## Records:

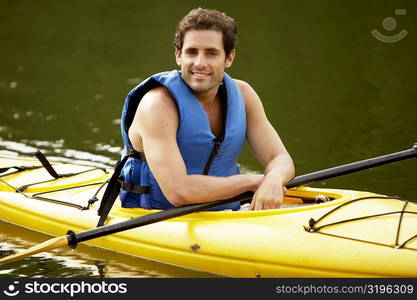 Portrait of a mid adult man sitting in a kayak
* * *
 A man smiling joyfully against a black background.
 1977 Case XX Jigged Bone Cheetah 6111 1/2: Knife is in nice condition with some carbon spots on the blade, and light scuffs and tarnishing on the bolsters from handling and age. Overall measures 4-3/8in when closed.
* * *
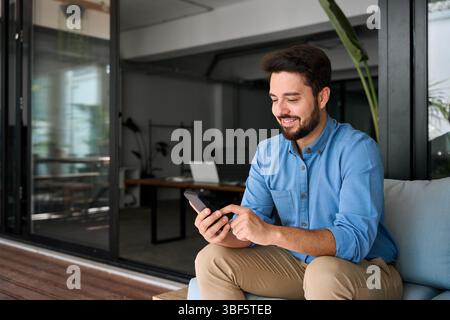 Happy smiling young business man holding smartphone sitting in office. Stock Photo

## Directions for this task:
In the records above, find the line with "A man smiling"; write out exactly that line and each one after it, stopping after the line with "1977 Case XX".

## Result:
 A man smiling joyfully against a black background.
 1977 Case XX Jigged Bone Cheetah 6111 1/2: Knife is in nice condition with some carbon spots on the blade, and light scuffs and tarnishing on the bolsters from handling and age. Overall measures 4-3/8in when closed.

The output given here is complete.